Gençler ölüyor... Hepimizin içi kan ağlıyor. Çözümü erteleyip duran siyaset kurumu nedense kendini hiç sorumlu hissetmiyor! Başını iki elinin arasına alıp ölümleri neden durduramıyoruz diye özeleştiri yapacağına hamasi nutuklara sarılıyor. Sadece iktidar da değil hepsi, hepsi sorumlu yaşananlardan!
Sorumlular şu sorulara yanıt vermeli:
- Bölgede bir eşiğin çoktan aşıldığını bilen iktidar, neden çözümü erteliyor, neden yeni anayasa sürecinde BDP'yi Meclis dışında tutmaya çalışıyor?
- Devlet Öcalan'la görüşürken ve Öcalan 'uzlaştık' açıklamaları yaparken devletin kurumları kanlı çatışmaların istihbaratını almadı mı?
- Görüşmeleri yürütenler bütün bunları öngördüğü için mi Başbakan seçim sürecinde, 'Kürt sorunu yoktur' dedi, duruşunu değiştirdi?
- Israrla Kandil ile Öcalan'ı ve BDP'yi ayırmaya çalışan 'İyi Kürt-Kötü Kürt' ikilemini dayatanlar yaşananlardan kendilerine pay biçiyor mu?
- BDP, PKK'ya teslim mi oldu?
- Kürt halkını demokrasiden uzak tutmaya, şiddete mahkum etmeye çalışan PKK, halkın siyasi temsilcilerini neden/nasıl yok sayıyor?
- Bugüne kadar PKK'yı eleştirmekten kaçınmayan, şiddete karşı duran ve gelinen noktada çözüme katkı sunmak için BDP saflarına katılan isimler kendilerini kandırılmış hissediyor mu?
***
Şiddet kirli bir araçtır; amaç olamaz! Varlık sebebi savaş olanların en büyük korkusu tasfiye edilmek. Ve ne zaman oyun dışı kalacaklarını hissetseler aynı yola başvuruyorlar. Canları hiçe sayan bu ölümcül oyunun devamı da var: yükselen milliyetçilik. Orta Anadolu illerinde başını kaldırmak için fırsat kollayan Kürt düşmanlığı ne kadar ürkütücüyse aynı oranda Yüksekova'da yaşayan Türklerin can güvenliğinden endişe etmesi de o kadar korkunçtur.

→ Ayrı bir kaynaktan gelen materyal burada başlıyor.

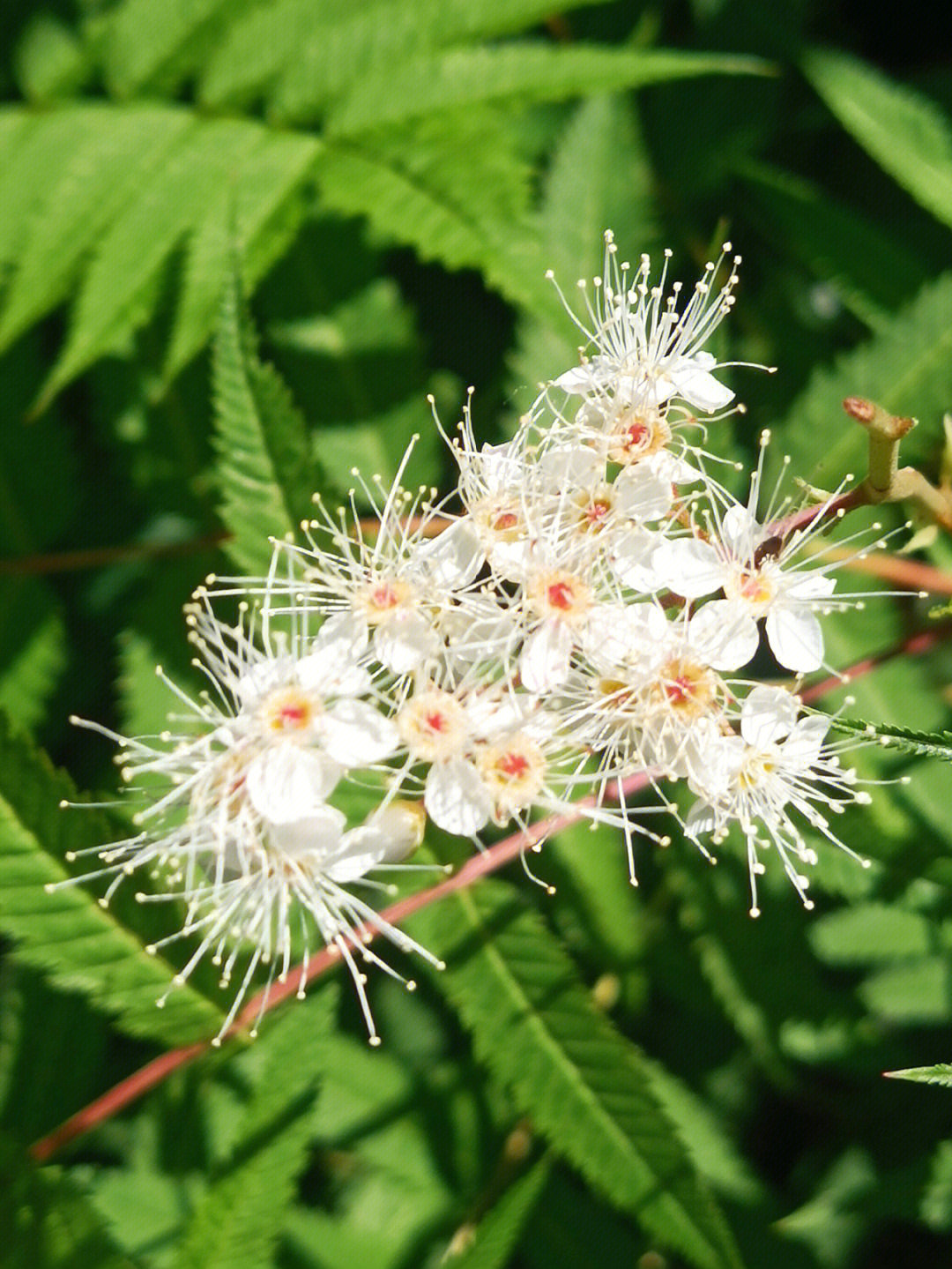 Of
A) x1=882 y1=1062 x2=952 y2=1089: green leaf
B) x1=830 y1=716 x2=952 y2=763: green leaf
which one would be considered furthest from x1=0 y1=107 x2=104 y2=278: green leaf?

Savaşın sonunu sadece ölüler görür
CHP Genel Başkan Yardımcısı Sezgin Tanrıkulu önceki gün Meclis Genel Kurulu'nda konuşmak için gündem dışı söz aldığını söylemişti. O konuşmayı nedense yapamadı. Ancak söylemek istediklerini dün yazılı bir basın açıklamasıyla paylaşmış. O açıklamanın özeti şu:
'Hepimizin başı sağ olsun. Bugünler tüm toplum için yas günleri. Yakıp yıkmak ve öldürmekle, çeyrek yüzyılı aşkın zaman geçirdik ve bunun çözüm olmadığını gördük. Olsaydı, bugün 50 bine vardığı belgelenen can kaybı yaşanmazdı.
Şimdi barışın dilini konuşmak mecburiyetindeyiz. Bu, boynumuzun borcudur. Son olaylarla beraber, birden Türkiye'nin dört bir yanında savaş ortamı içine düşüverdik. Bu oyun, her kimin oyunuysa, bozmalıyız. Savaşın sonunu sadece ölüler görür derler. Türkiye'nin bu temel sorununu çözmeden, diğer hiçbir konuda ilerleyemeyiz. Yeni anayasa süreci bize çözümün temelini atmak için altın bir fırsat sunuyor. Barışa, ancak yaşamı, insanı, hayatı yücelterek ulaşabiliriz, onu hak edebiliriz.' İlginç olan Tanrıkulu'nun bu açıklaması, CHP'nin internet sitesinde kısa bir süre göründü ve garip bir şekilde kayboldu. Acaba parti yönetimi bu açıklamadan neden rahatsız oldu.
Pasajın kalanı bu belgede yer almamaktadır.